GWPF Newsletter - China: No More Wind Or Solar If It Can't Beat Coal On Price


Britain's Green Deal Fiasco

In this newsletter:

1) China: No More Wind Or Solar If It Can't Beat Coal On Price
Forbes, 10 January 2018
 
2) China’s Electric Car Companies Slump Amid Reports Of Subsidy Cuts
The Economic Times, 9 January 2019

 
3) Shale Revolution 3.0: Saudi Arabia Edges Toward Buying Into Booming U.S. LNG Sector
The Wall Street Journal, 9 January 2019
 
4) Green Deal Fiasco: Thousands Face 'Rip-Off' Energy Bills For Decades After Failure Of The £400m Energy Scheme
Daily Mail, 9 January 2019
 
5) China Flexes Shale Muscles Output Increases 40%
JPT Digital, 10 January 2019
 
6) Germany Wobbles On Russian Gas Pipeline As Trump Pressure Starts To Bite
Bloomberg, 7 January 2019
 
7) Swimming In Oil: BP Just Discovered A Billion Barrels Of Oil In The Gulf Of Mexico
CNBC, 8 January 2019


Full details:

1) China: No More Wind Or Solar If It Can't Beat Coal On Price
Forbes, 10 January 2018
John Parnell

China has said it will not approve wind and solar power projects unless they can compete with coal power prices.

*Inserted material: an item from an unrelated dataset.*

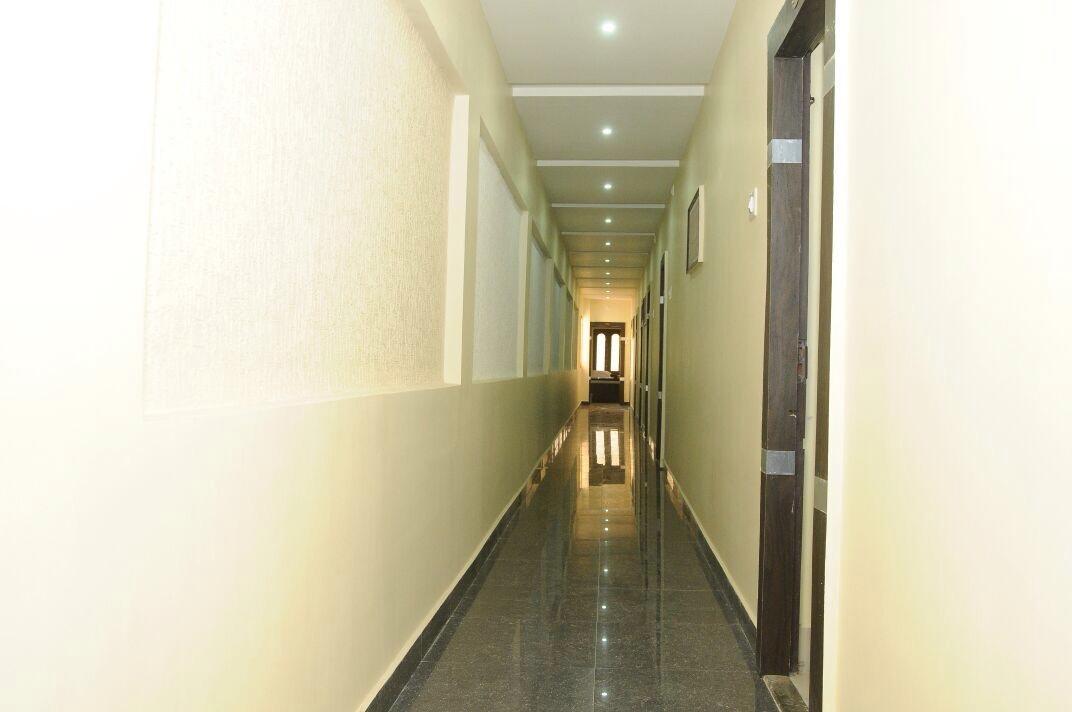 Tripura Sundari Residency Hotell Madanapalle Exteriör bild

Beijing pulled the plug on support for large solar projects, which had been receiving a per kWh payment, in late May. That news came immediately after the country’s largest solar industry event and caught everyone by surprise.

Officials are understood to have been frustrated at seeing Chinese suppliers and engineering firms building solar projects overseas that delivered electricity at prices far below what was available back home.

The country also has its own issues with grid logjams. These have caused power from wind and solar projects to be wasted due to a lack of capacity on the network to transmit and distribute it. In 2017 12% of wind generation and 6% of solar was curtailed.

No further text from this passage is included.